=== WHAT IS EXPECTED ===
What you copy should be the lines from the one with "1994 Ford Bronco" through the end of the entries, word for word. Omit the pictures.

=== Excerpts from a dataset ===

- Opening Delimiter -

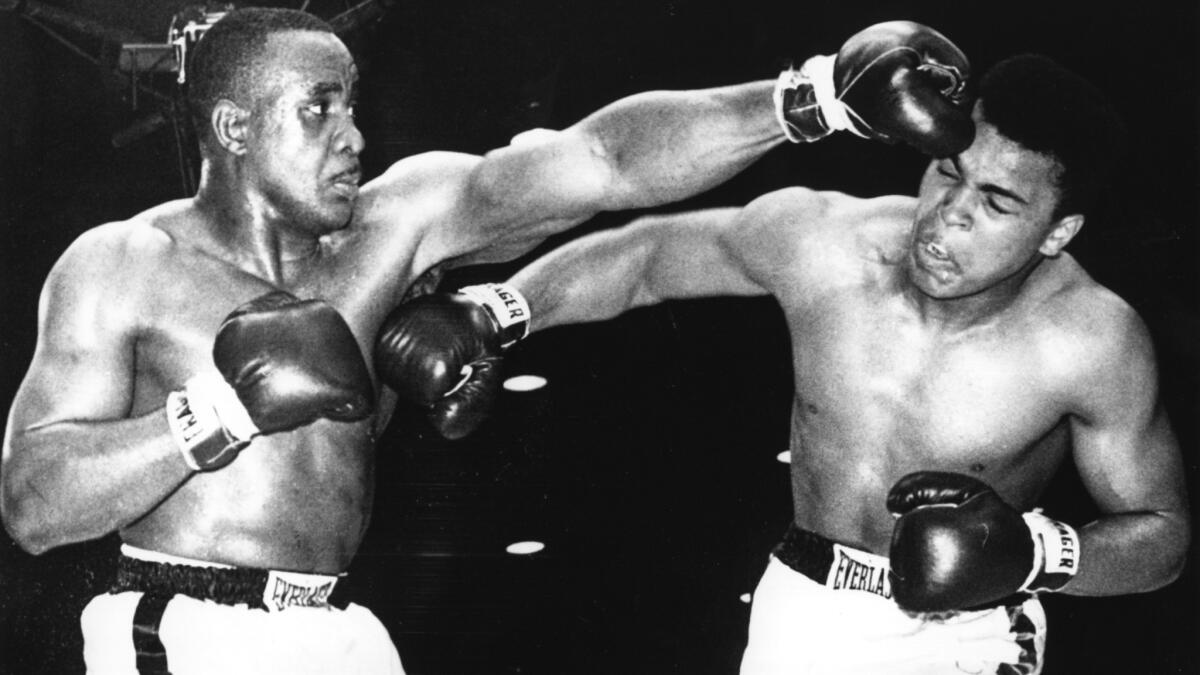 Heavyweight champion Sonny Liston, left, and Muhammad Ali exchange punches during their first fight in Miami on Feb. 25, 1964. Ali, then known as Cassius Clay, defeated Liston by technical knockout in the seventh round to claim the title.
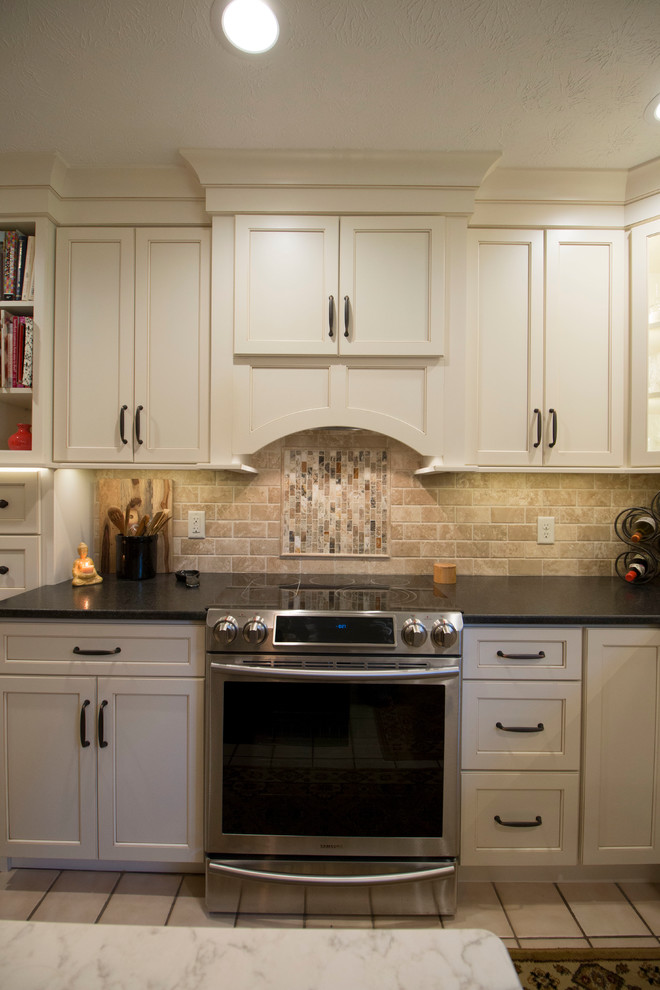 Example of a mid-sized classic u-shaped porcelain tile enclosed kitchen design in Other with an undermount sink, recessed-panel cabinets, white cabinets, granite countertops, beige backsplash, stone tile backsplash, stainless steel appliances and an island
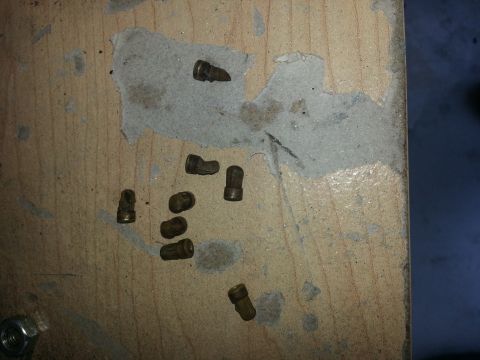 1994 Ford Bronco - Small metal parts are laid out on a wooden surface, with some grey material visible.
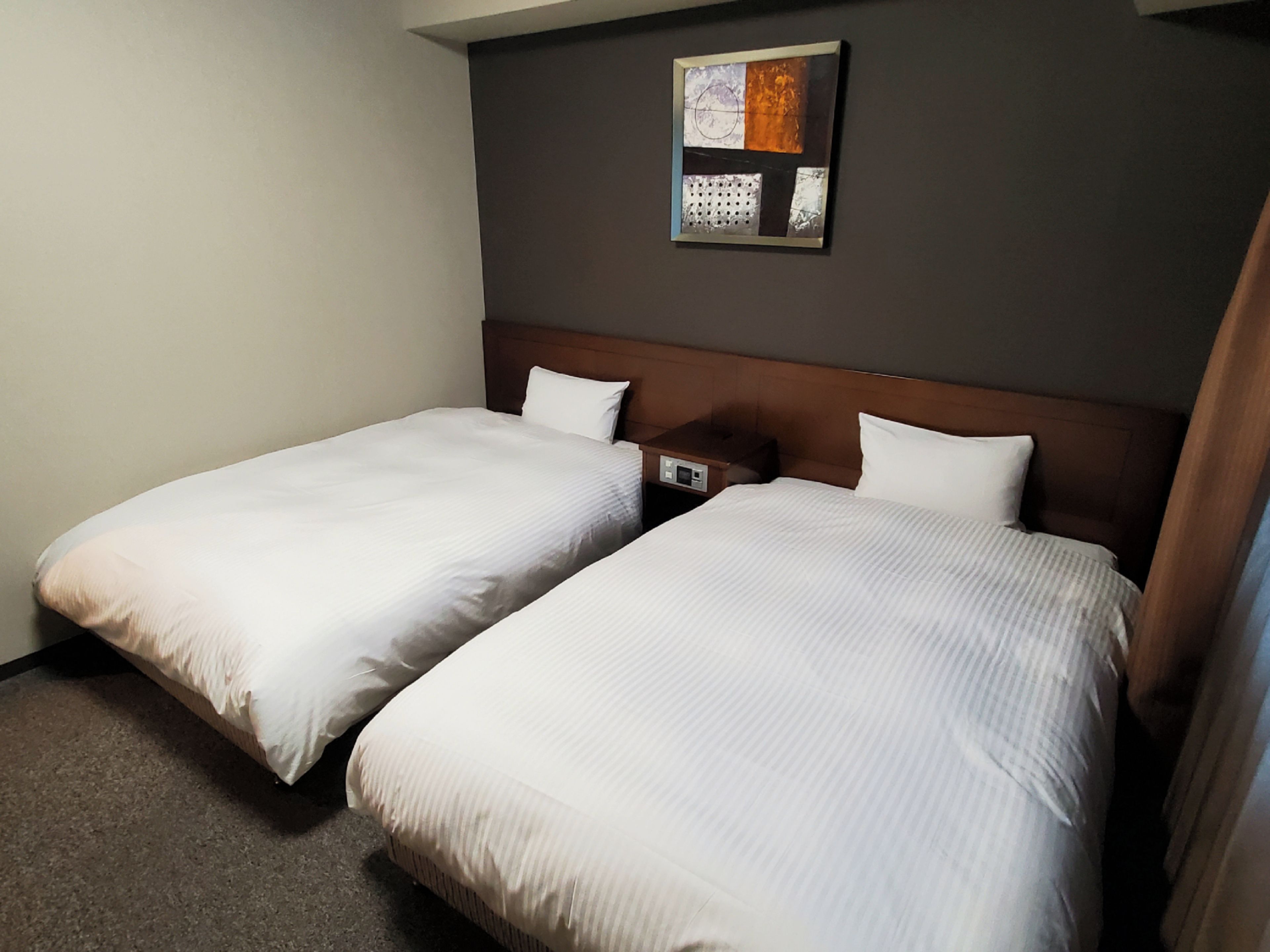 A hotel room with two single beds, a wooden headboard, a small bedside table, and a wall-mounted artwork.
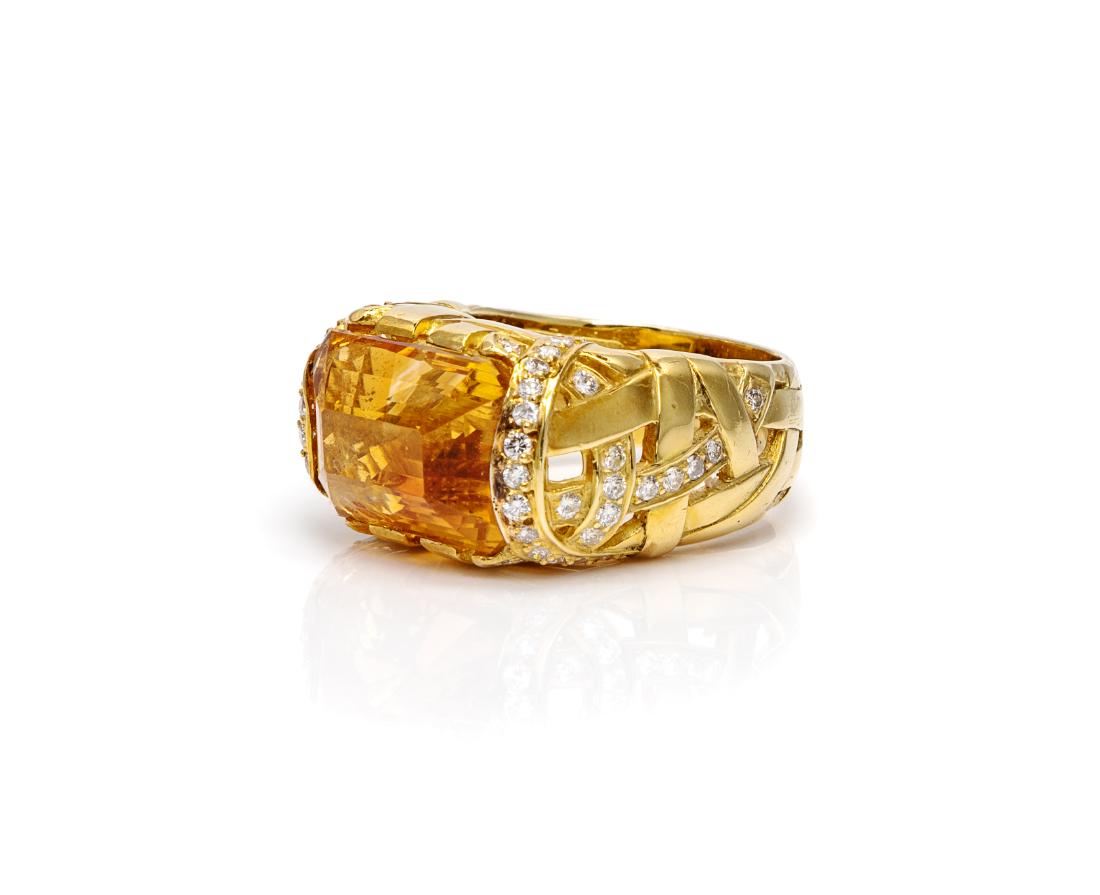 * An 18 Karat Yellow Gold, Citrine and Diamond Ring,: * An 18 Karat Yellow Gold, Citrine and Diamond Ring, Marlene Stowe, containing one octagonal step cut citrine measuring approximately 15.75 x 11.30 x 10.05 mm and 54 round brilliant cut diamonds weigh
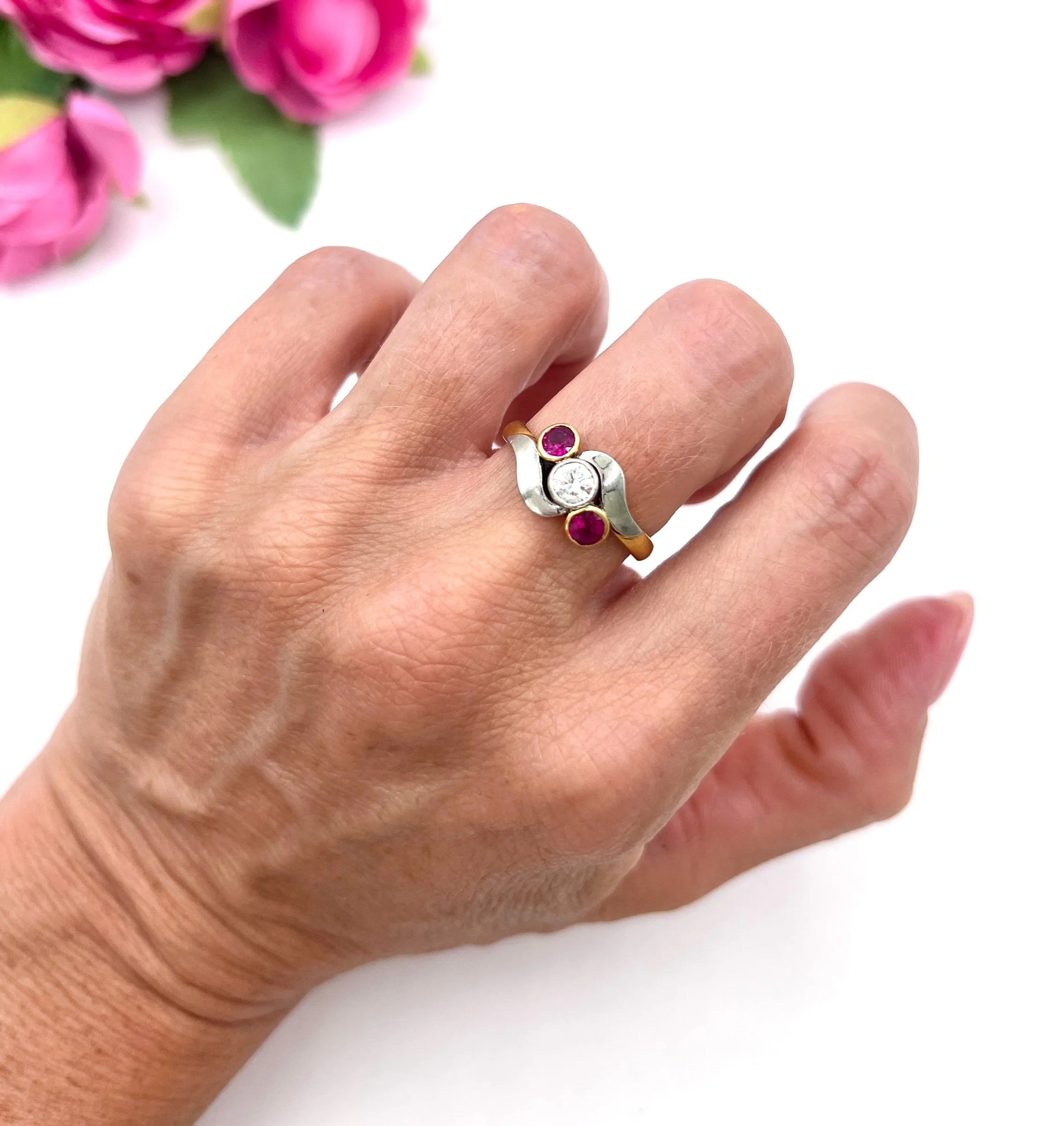 A three stone ruby and diamond crossover ring in platinum and yellow gold, modelled on a hand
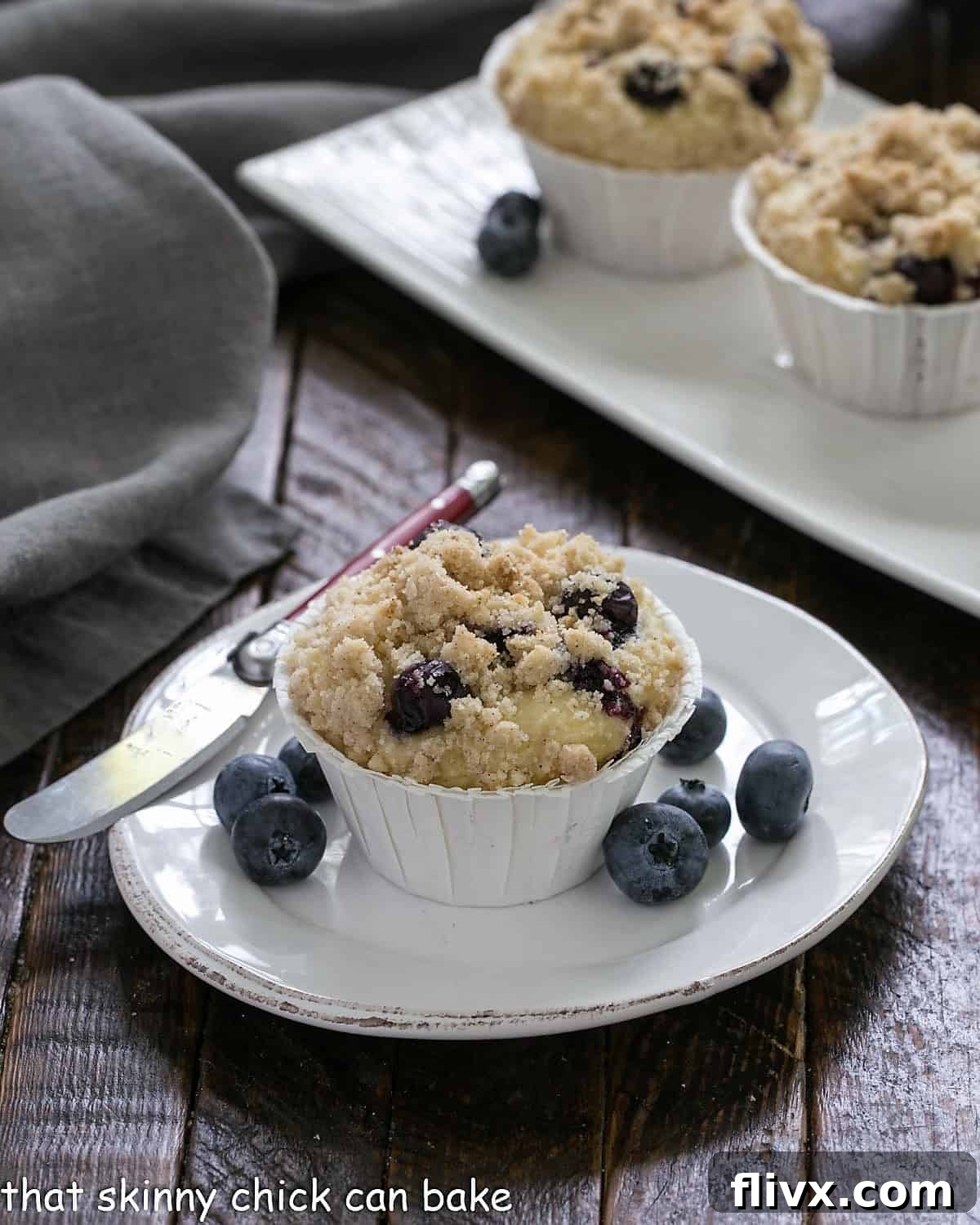 A single blueberry cream cheese muffin on a white plate, cut open to reveal the creamy filling, accompanied by a knife and fresh blueberries.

- Closing Delimiter -

=== WORKED SOLUTION ===
 1994 Ford Bronco - Small metal parts are laid out on a wooden surface, with some grey material visible.
 A hotel room with two single beds, a wooden headboard, a small bedside table, and a wall-mounted artwork.
 * An 18 Karat Yellow Gold, Citrine and Diamond Ring,: * An 18 Karat Yellow Gold, Citrine and Diamond Ring, Marlene Stowe, containing one octagonal step cut citrine measuring approximately 15.75 x 11.30 x 10.05 mm and 54 round brilliant cut diamonds weigh
 A three stone ruby and diamond crossover ring in platinum and yellow gold, modelled on a hand
 A single blueberry cream cheese muffin on a white plate, cut open to reveal the creamy filling, accompanied by a knife and fresh blueberries.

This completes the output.